- 社員総会・評議員会の招集通知は、到達しなければいけませんか
- 会議の招集通知は、書面でしなければいけませんか
- 理事、監事は社員総会・評議員会に出席しなければなりませんか
- 議案の説明を事務局に任せていいですか
- 理事会の開催を省略し、定時評議員会を開催するには、どうすればいいですか
- 役員改選後直ちに代表理事等選定理事会を開催するには、どうすればいいですか
- 決議の省略により役員の補欠選任をするには、どうすればいいですか
- 定時評議員会が延期、続行となった場合、旧役員はいつ退任するのですか
- 理事には忠実義務が加わったそうですが、責任が重くなったのでしょうか
- 業務執行の一部を特定の理事に委ねることはできますか
法律は通知を「発しなければならない」と定めており、到達することまでは求めていません(法人法39①、 182①)。
したがって、例えば、会議日の「1週間前までに」というのは(法人法39、182、 94、 197) 、発信日と会議日を除き、中1週間置いて発信すればいいということです。
次のように社員総会・評議員会の招集は、理事会非設置法人を除き、書面でしなければなりませんが、理事会については、そうとは限りません。
理事は招集者であり、提案者です。理事、監事は社員総会等で説明する義務もあります(法人法 53、 190)。したがって、出席しなければなりません。
議案の提出者は理事であり、説明義務を負っているのも理事ですから理事が行うのが望ましいと思われますが、これまでの慣行、内容の軽重等適切な範囲で事務局に説明させることは差し支えないと考えます。しかし、事務局は、あくまで補助者ですから最終責任は、理事が負うしかありません。
次のような方法が考えられます。定時社員総会についても同様です。
この場合、理事会決議は、最後の理事の同意があった時に成立します。
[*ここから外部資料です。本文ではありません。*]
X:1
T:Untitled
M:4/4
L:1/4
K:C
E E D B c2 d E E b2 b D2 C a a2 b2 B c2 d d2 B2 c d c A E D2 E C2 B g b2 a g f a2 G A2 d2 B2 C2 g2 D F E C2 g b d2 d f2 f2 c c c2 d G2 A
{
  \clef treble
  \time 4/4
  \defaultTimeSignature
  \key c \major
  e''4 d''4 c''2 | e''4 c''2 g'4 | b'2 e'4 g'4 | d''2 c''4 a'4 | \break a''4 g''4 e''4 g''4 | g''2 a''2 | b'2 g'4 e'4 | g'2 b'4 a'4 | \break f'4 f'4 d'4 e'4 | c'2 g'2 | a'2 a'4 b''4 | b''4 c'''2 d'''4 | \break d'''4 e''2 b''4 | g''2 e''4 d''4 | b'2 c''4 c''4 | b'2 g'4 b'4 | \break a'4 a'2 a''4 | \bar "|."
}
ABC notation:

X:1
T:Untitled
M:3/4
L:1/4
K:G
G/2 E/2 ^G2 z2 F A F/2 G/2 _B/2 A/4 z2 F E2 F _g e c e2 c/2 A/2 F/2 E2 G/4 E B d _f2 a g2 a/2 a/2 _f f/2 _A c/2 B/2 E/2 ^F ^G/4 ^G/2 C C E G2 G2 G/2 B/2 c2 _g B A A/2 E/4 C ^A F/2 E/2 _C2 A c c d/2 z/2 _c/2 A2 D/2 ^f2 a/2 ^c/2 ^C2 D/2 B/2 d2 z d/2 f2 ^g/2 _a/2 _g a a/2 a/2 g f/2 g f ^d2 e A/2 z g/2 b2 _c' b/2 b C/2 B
理事会の招集手続は、不要です。
- 決議の省略により次の理事会決議を行う。
- 計算書類等の承認
- 定時評議員会提出議案の決定
- 定時評議員会の日時、場所、議題等の決定
- 書面による理事全員の同意及び監事全員の異議がない旨の確認(理事会決議成立)
- 定時評議員会の招集通知の発信
- 定時評議員会の開催
代表理事、業務執行理事は、任期満了であっても理事を退任すると、それと同時に退任となりますから、たとえ再任する場合でも代表理事、業務執行理事を選定し直す必要があります。
それには理事会の開催が必要ですが、そのためには1週間前までに召集通知を発しなければなりませんから、この場合は、その招集手続を省略して、その場で理事会を開催し、代表理事等を選定するのがいいでしょう。招集手続の省略は、口頭の同意で差し支えありません。
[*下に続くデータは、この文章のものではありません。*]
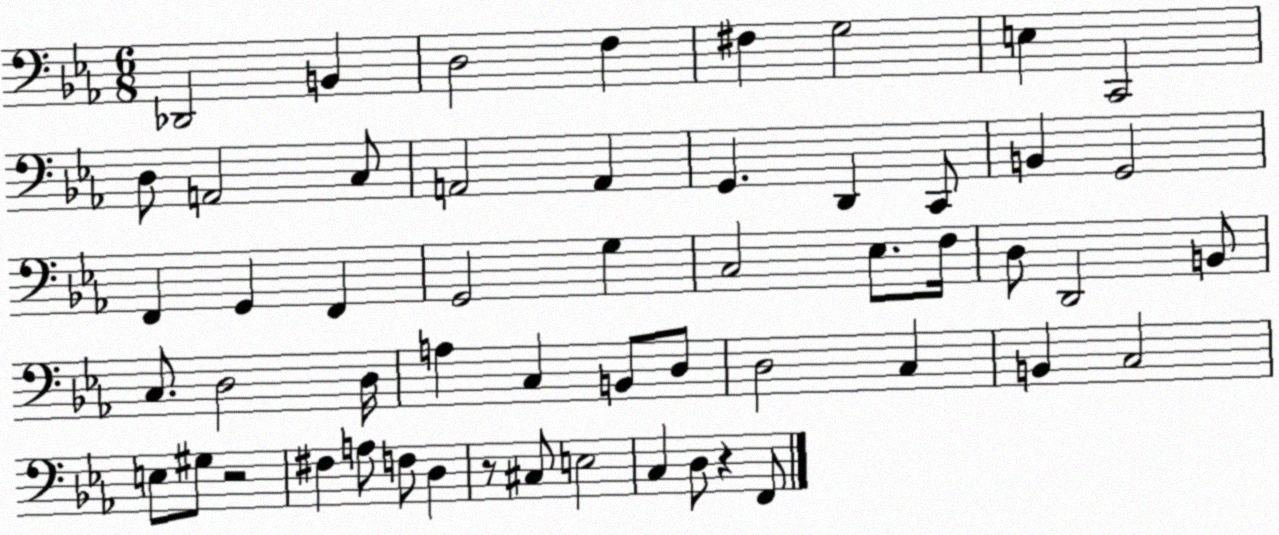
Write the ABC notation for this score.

X:1
T:Untitled
M:6/8
L:1/4
K:Eb
_D,,2 B,, D,2 F, ^F, G,2 E, C,,2 D,/2 A,,2 C,/2 A,,2 A,, G,, D,, C,,/2 B,, G,,2 F,, G,, F,, G,,2 G, C,2 _E,/2 F,/4 D,/2 D,,2 B,,/2 C,/2 D,2 D,/4 A, C, B,,/2 D,/2 D,2 C, B,, C,2 E,/2 ^G,/2 z2 ^F, A,/2 F,/2 D, z/2 ^C,/2 E,2 C, D,/2 z F,,/2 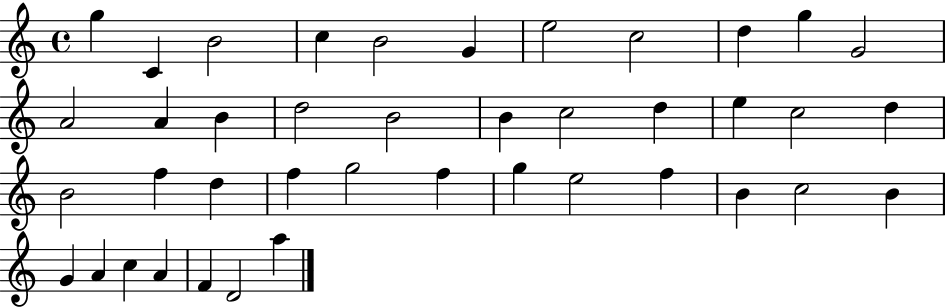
G5/q C4/q B4/h C5/q B4/h G4/q E5/h C5/h D5/q G5/q G4/h A4/h A4/q B4/q D5/h B4/h B4/q C5/h D5/q E5/q C5/h D5/q B4/h F5/q D5/q F5/q G5/h F5/q G5/q E5/h F5/q B4/q C5/h B4/q G4/q A4/q C5/q A4/q F4/q D4/h A5/q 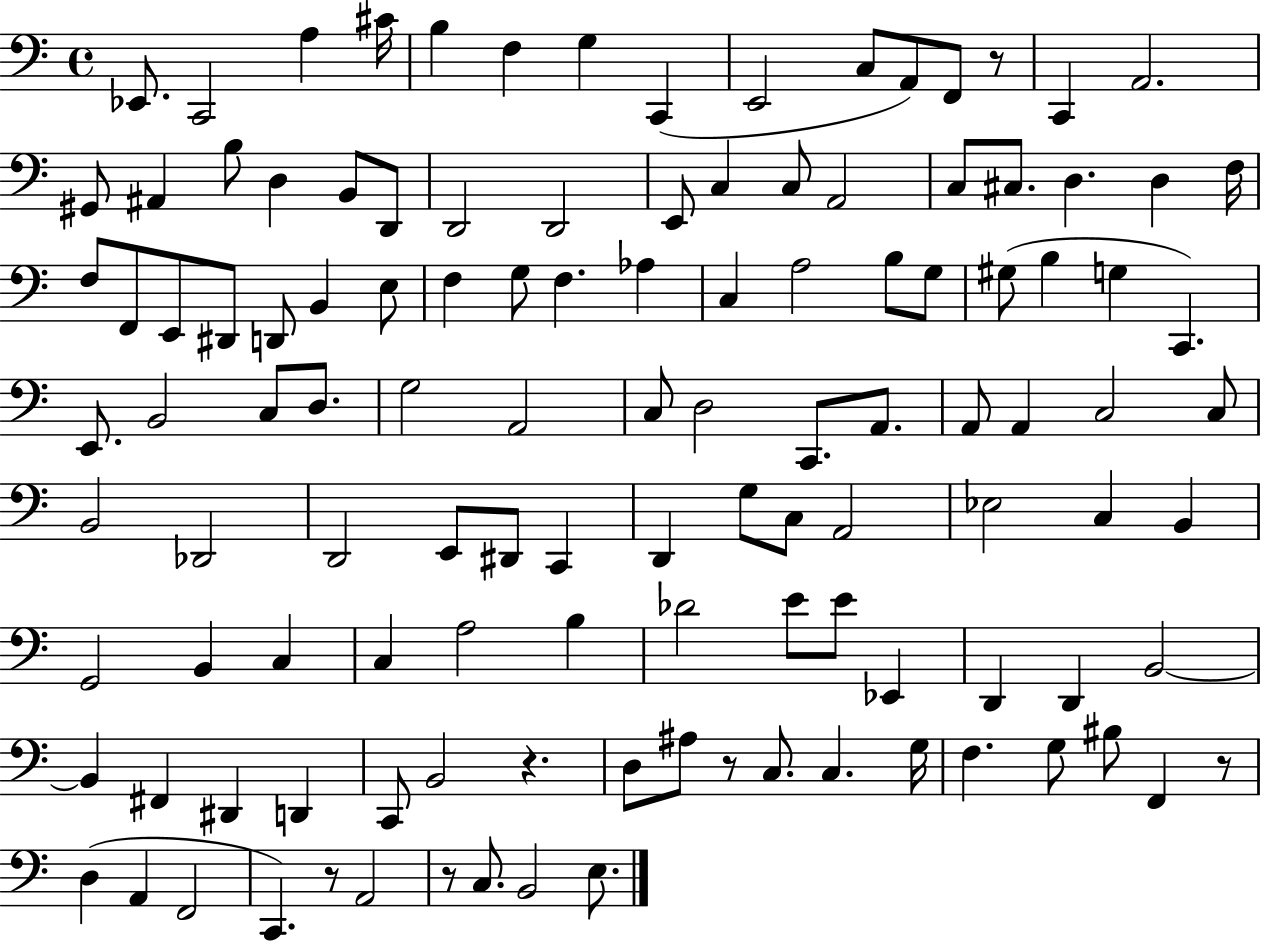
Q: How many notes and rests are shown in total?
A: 119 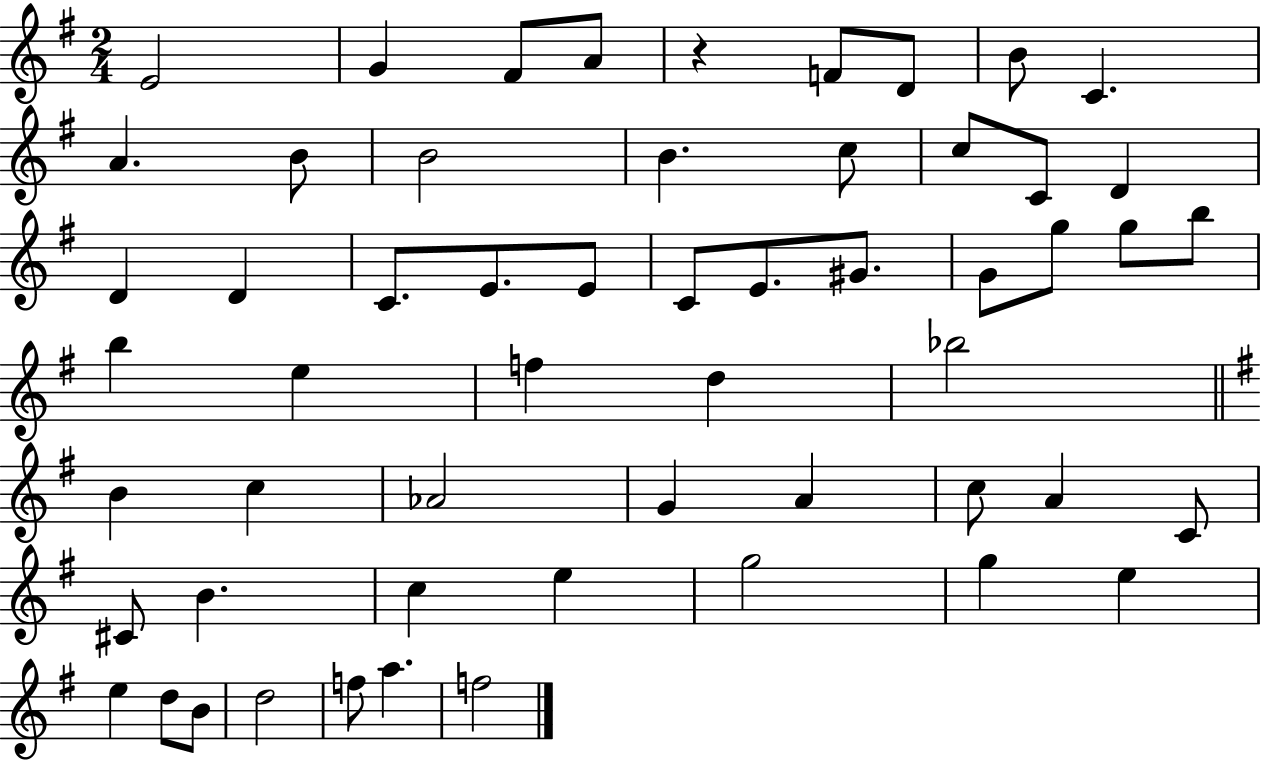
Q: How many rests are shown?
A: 1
年度途中で補欠選任が必要となった場合にどうすればいいかですが、次のようにすれば、理事会、評議員会の開催を省略して補欠選任することができます。ただし、これは、全員の同意が得られることが明らかで、緊急やむを得ない場合に限られるべきでしょう。
- 決議の省略により次の理事会決議を行う。
- 役員の補欠選任案の決定
- 決議の省略に係る評議員会の議題の決定
- 書面による理事全員の同意及び監事全員の異議がない旨の確認(理事会決議成立)
- 書面による評議員全員の同意(評議員会の選任決議成立)
なお、社団法人の場合は、書面による議決権の行使が可能で、その場合には、全員の賛成が得られない場合でも選任決議が可能ですからこれを検討すべきでしょう。
評議員会が延期又は続行の決議をしたときは、これによって開催される延会又は継続会は、元の評議員会の一部と捉えられているため、そのための招集手続も執られません(法人法 56、 192 )。これは社員総会についても同様です。
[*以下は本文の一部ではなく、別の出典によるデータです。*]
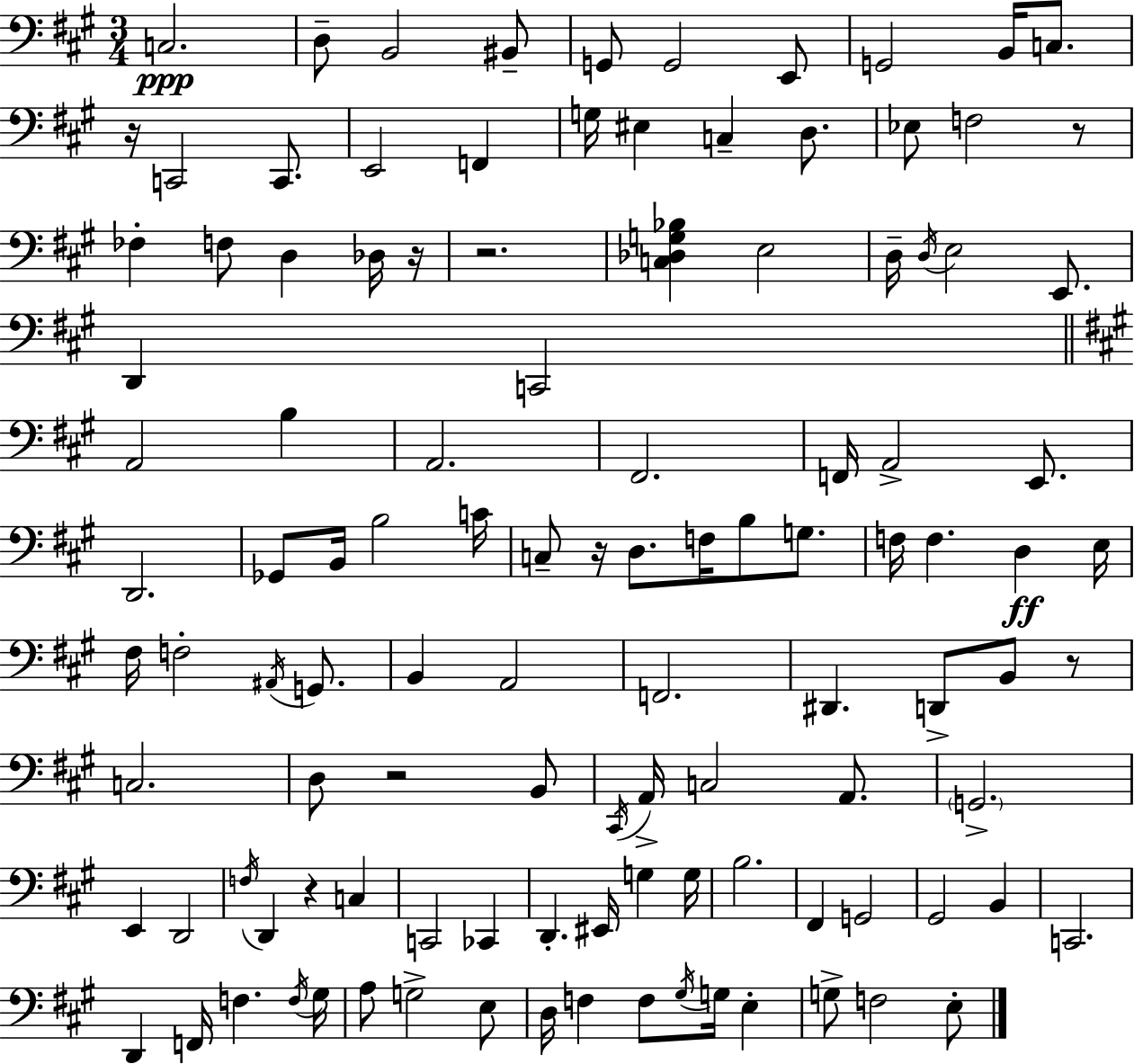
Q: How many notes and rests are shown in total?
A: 113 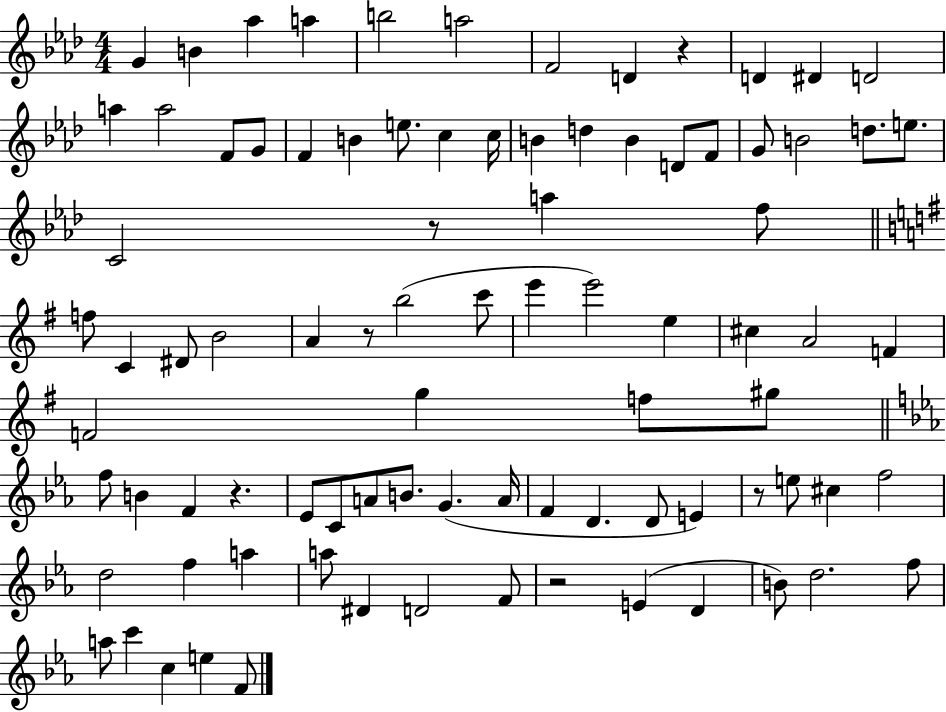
X:1
T:Untitled
M:4/4
L:1/4
K:Ab
G B _a a b2 a2 F2 D z D ^D D2 a a2 F/2 G/2 F B e/2 c c/4 B d B D/2 F/2 G/2 B2 d/2 e/2 C2 z/2 a f/2 f/2 C ^D/2 B2 A z/2 b2 c'/2 e' e'2 e ^c A2 F F2 g f/2 ^g/2 f/2 B F z _E/2 C/2 A/2 B/2 G A/4 F D D/2 E z/2 e/2 ^c f2 d2 f a a/2 ^D D2 F/2 z2 E D B/2 d2 f/2 a/2 c' c e F/2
一方、旧役員は、定時評議員会終結の時に退任しますので、延期・続行の場合は、延期・続行された定時評議員会すなわち延会又は継続会の終結の時に退任します。たとえ、続行の決議前に役員の改選決議がなされていてもその時に退任するのではありません。
なお、延期と続行の違いは、審議に入る前に延長するのが「延期」、審議未了のため延長するのが「継続」です。
【善良なる管理者の注意とは】
それを職とする者が通常の能力をもってその場合の事情に応じ当然に払うべき注意を払うことです。特別にむつかしいことではありません。
確かに新たに忠実義務規定が設けられていますが(法人法 83、 197 )、もともと理事は法人に対して受任者として善良なる管理者の注意義務を負っていたのであり、この規定が設けられたからといって理事の責任が重くなったとはいえません。この規定は、注意的に善良なる管理者の注意義務を理事に当てはめ明らかにしただけとされています。
今回の改正で、理事の損害賠償責任の一部免除規定が設けられたことなどを併せ考えると、理事の責任が重くなったというよりは、責任範囲が明確になるように規定が整備されたと見るべきでしょう。
法人の代表、業務執行のすべてを代表理事、業務執行理事が行うのは困難です。職員に一定の事務事業を行わせ、業務の一部を特定の者に委ねざるを得ません。それは雇用、委任、代理によって可能であり、業務執行の一部を特定の理事に委ねることもできます。ただし、理事会の専権事項(重要な財産の処分、多額の借財、重要な使用人の選解任その他(法人法 90④、 197 ))は委ねることができません。